== DESCRIPTION OF THE TASK ==
Two lines mark the range in the entries below: the one holding "Freshly picked raspberries" and the one holding "Black embroidered fabric". Set down those two and all lines between them, exactly.

----- SOURCE RECORDS -----

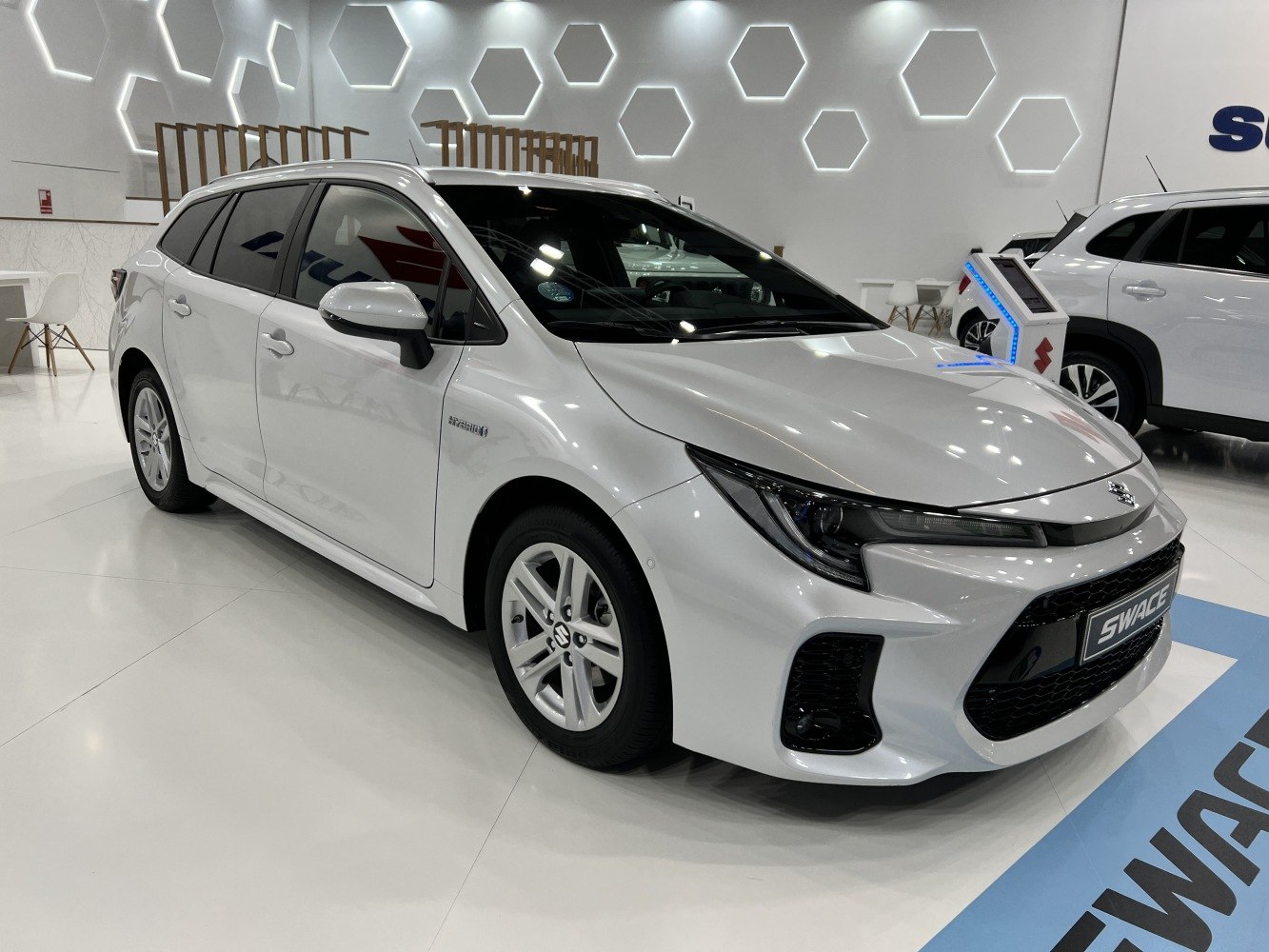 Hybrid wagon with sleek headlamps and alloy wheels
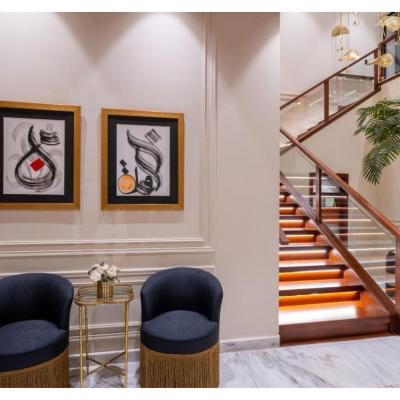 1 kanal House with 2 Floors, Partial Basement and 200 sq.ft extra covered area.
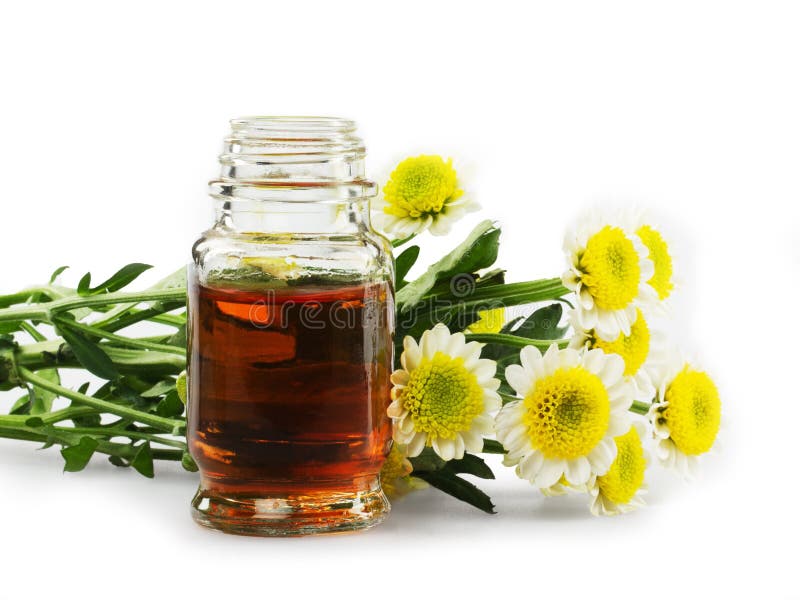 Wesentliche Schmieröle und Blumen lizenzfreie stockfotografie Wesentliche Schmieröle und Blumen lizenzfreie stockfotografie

-----
----- SOURCE RECORDS -----

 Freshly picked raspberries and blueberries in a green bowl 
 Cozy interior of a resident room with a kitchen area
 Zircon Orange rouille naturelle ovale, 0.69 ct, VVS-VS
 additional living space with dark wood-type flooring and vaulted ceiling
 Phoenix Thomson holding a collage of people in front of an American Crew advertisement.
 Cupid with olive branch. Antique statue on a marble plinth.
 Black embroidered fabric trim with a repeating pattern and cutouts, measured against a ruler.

-----
----- SOURCE RECORDS -----

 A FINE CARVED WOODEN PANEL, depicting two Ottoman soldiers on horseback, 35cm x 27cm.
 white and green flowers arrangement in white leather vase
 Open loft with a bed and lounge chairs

-----

== EXERCISE OUTPUT ==
 Freshly picked raspberries and blueberries in a green bowl 
 Cozy interior of a resident room with a kitchen area
 Zircon Orange rouille naturelle ovale, 0.69 ct, VVS-VS
 additional living space with dark wood-type flooring and vaulted ceiling
 Phoenix Thomson holding a collage of people in front of an American Crew advertisement.
 Cupid with olive branch. Antique statue on a marble plinth.
 Black embroidered fabric trim with a repeating pattern and cutouts, measured against a ruler.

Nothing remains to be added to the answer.